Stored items
::::

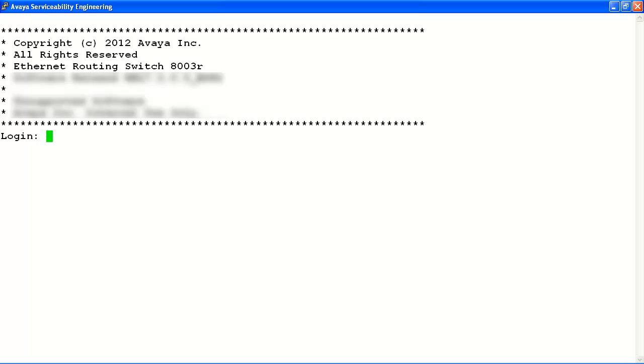In our example, we'll log into the console with the read-write-all user account and read-write-all password.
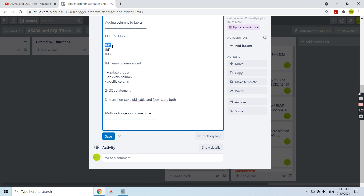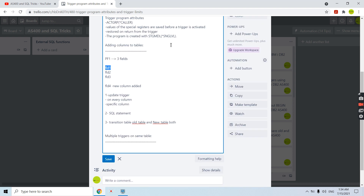We can also apply multiple triggers on the same field. For example, if field1 gets updated, we can fire trigger1, trigger2, trigger3, trigger4, up to the maximum limit. When creating multiple triggers, the numbering matters — the order in which they are created determines priority. If a trigger is replaced using the CREATE OR REPLACE command, that original numbering is no longer maintained.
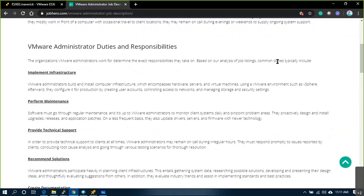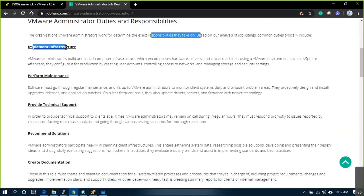Responsibilities will vary — it depends on organization to organization. Implement infrastructure means: if there is any new request — a requirement to build a new ESXi host or a new vCenter, or an entirely new configuration or brand new setup that needs to be brought into the organization — that comes under implementing new infrastructure or implementing some new features.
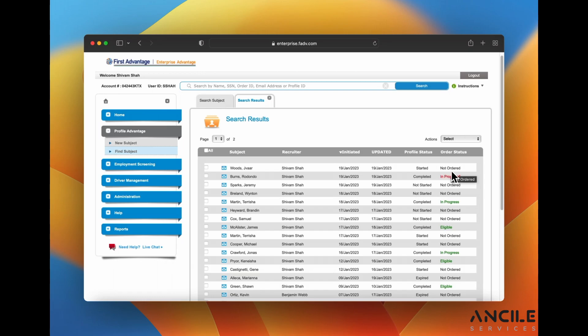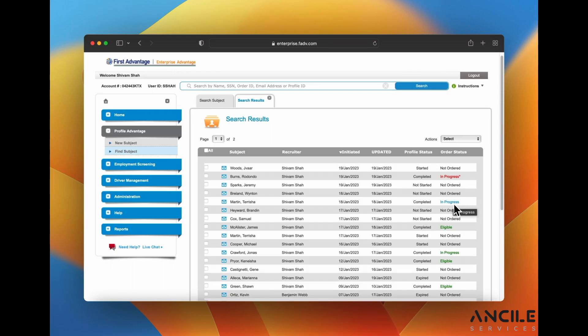This one is not ordered which means they started their background check but it hasn't started processing yet. In progress means that the background check is currently running. Eligible means the background check has ran already and it is completed and they are good to go.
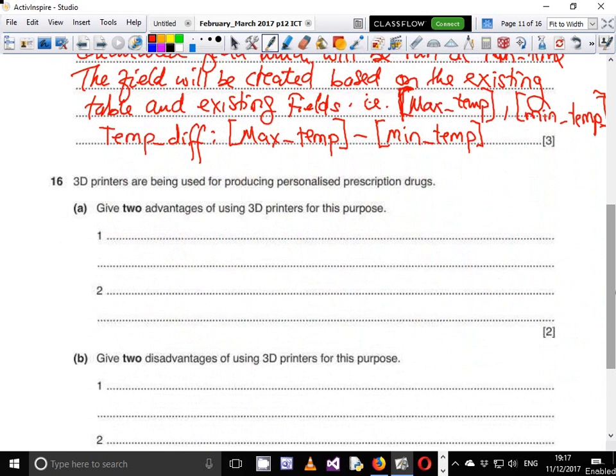3D printers are used for producing personalized prescription drugs. Give two advantages of using 3D printers for this purpose. 3D printing is a relatively new technology that has been used for producing models and real-looking objects. Not only can it produce lifeless objects like car models, it can also produce objects that give life, like drugs. One advantage is that drugs can be produced on a large scale — the printer doesn't get tired, it just uses the formula to produce the drug.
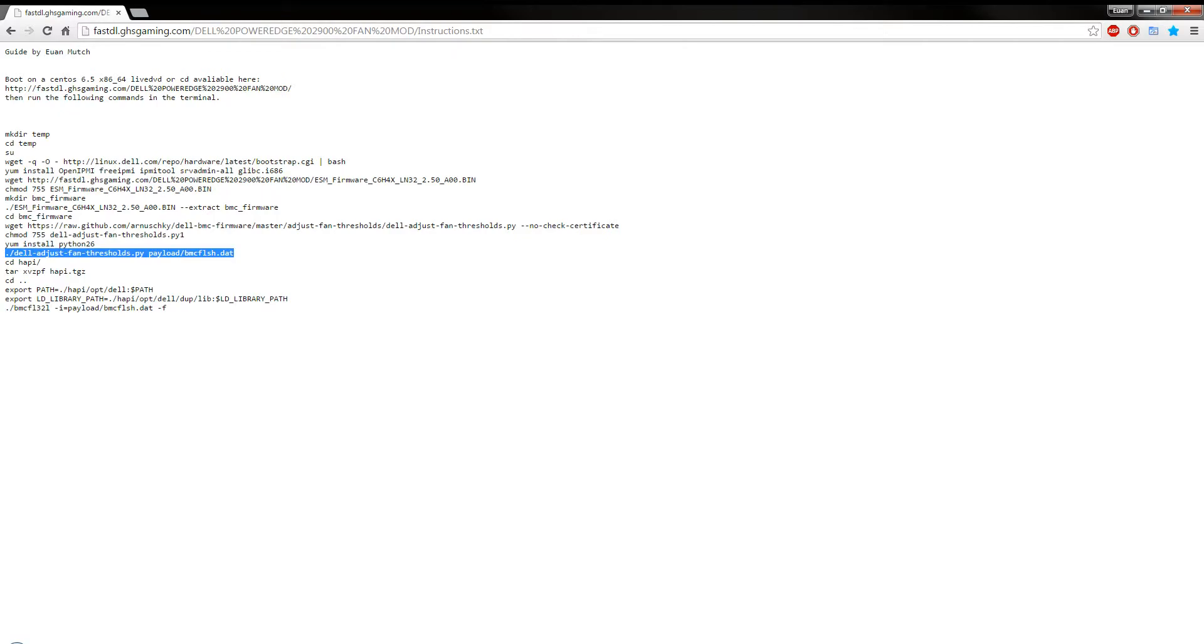So when you run this command here, it pops up a dialog box. Well not so much dialog box, but like a text input kind of thing.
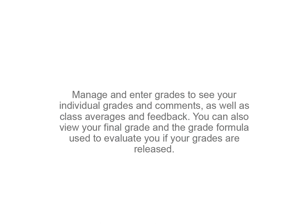Manage and enter grades to see your individual grades and comments, as well as class averages and feedback. You can also view your final grade and the grade formula used to evaluate you if your grades are released.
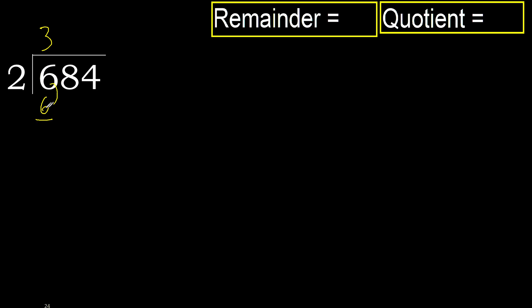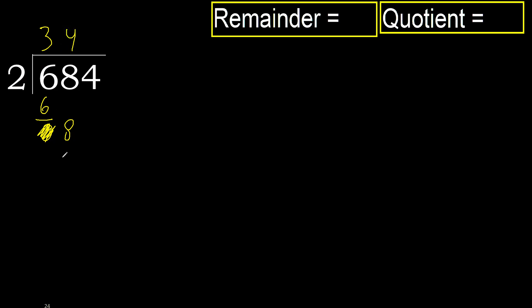Subtract. 6 minus 6 is 0. Eliminate 0. Bring down 8. 2 multiplied by 5 is 10. It is greater. Multiplied by 4 is 8. It is not greater.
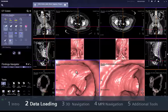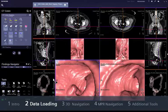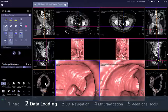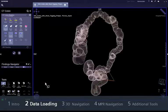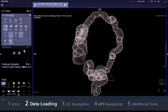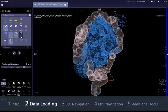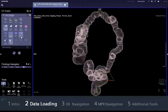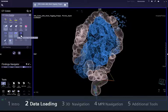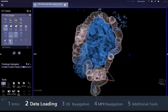The synchronisation of the supine and prone data sets is based on the automatic segmentation of the small and large bowel in both series. To ensure proper synchronisation, check that both the large bowel, shown in white, and the small bowel, shown in blue, are correctly recognised in the global view segment.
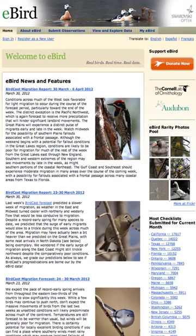eBird is the fabulous crowdsourced database of bird observations run by the Cornell Lab of Ornithology, founded by Cornell and the National Audubon Society. eBird provides global tools for birders and critical data for science.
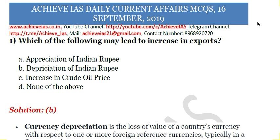Hey guys, welcome to all of you on our channel, Achieve IAS. On our channel we are targeting the Civil Services exam, and for that purpose we have started multiple series targeting your prelims as well as mains. In this video we will be talking about our daily current affairs-based MCQ series, where we daily discuss MCQs based upon current affairs of the day. Today is 16th September, so let's see what the questions are for the day.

::::

- **Goal of the exercise**: Exact copies of all the entries, without any pictures, are what the answer must contain.

- **Problem solution**:
In our example, we'll log into the console with the read-write-all user account and read-write-all password.
We can also apply multiple triggers on the same field. For example, if field1 gets updated, we can fire trigger1, trigger2, trigger3, trigger4, up to the maximum limit. When creating multiple triggers, the numbering matters — the order in which they are created determines priority. If a trigger is replaced using the CREATE OR REPLACE command, that original numbering is no longer maintained.
Responsibilities will vary — it depends on organization to organization. Implement infrastructure means: if there is any new request — a requirement to build a new ESXi host or a new vCenter, or an entirely new configuration or brand new setup that needs to be brought into the organization — that comes under implementing new infrastructure or implementing some new features.
This one is not ordered which means they started their background check but it hasn't started processing yet. In progress means that the background check is currently running. Eligible means the background check has ran already and it is completed and they are good to go.
3D printers are used for producing personalized prescription drugs. Give two advantages of using 3D printers for this purpose. 3D printing is a relatively new technology that has been used for producing models and real-looking objects. Not only can it produce lifeless objects like car models, it can also produce objects that give life, like drugs. One advantage is that drugs can be produced on a large scale — the printer doesn't get tired, it just uses the formula to produce the drug.
So when you run this command here, it pops up a dialog box. Well not so much dialog box, but like a text input kind of thing.
Manage and enter grades to see your individual grades and comments, as well as class averages and feedback. You can also view your final grade and the grade formula used to evaluate you if your grades are released.
Subtract. 6 minus 6 is 0. Eliminate 0. Bring down 8. 2 multiplied by 5 is 10. It is greater. Multiplied by 4 is 8. It is not greater.
The synchronisation of the supine and prone data sets is based on the automatic segmentation of the small and large bowel in both series. To ensure proper synchronisation, check that both the large bowel, shown in white, and the small bowel, shown in blue, are correctly recognised in the global view segment.
eBird is the fabulous crowdsourced database of bird observations run by the Cornell Lab of Ornithology, founded by Cornell and the National Audubon Society. eBird provides global tools for birders and critical data for science.
Hey guys, welcome to all of you on our channel, Achieve IAS. On our channel we are targeting the Civil Services exam, and for that purpose we have started multiple series targeting your prelims as well as mains. In this video we will be talking about our daily current affairs-based MCQ series, where we daily discuss MCQs based upon current affairs of the day. Today is 16th September, so let's see what the questions are for the day.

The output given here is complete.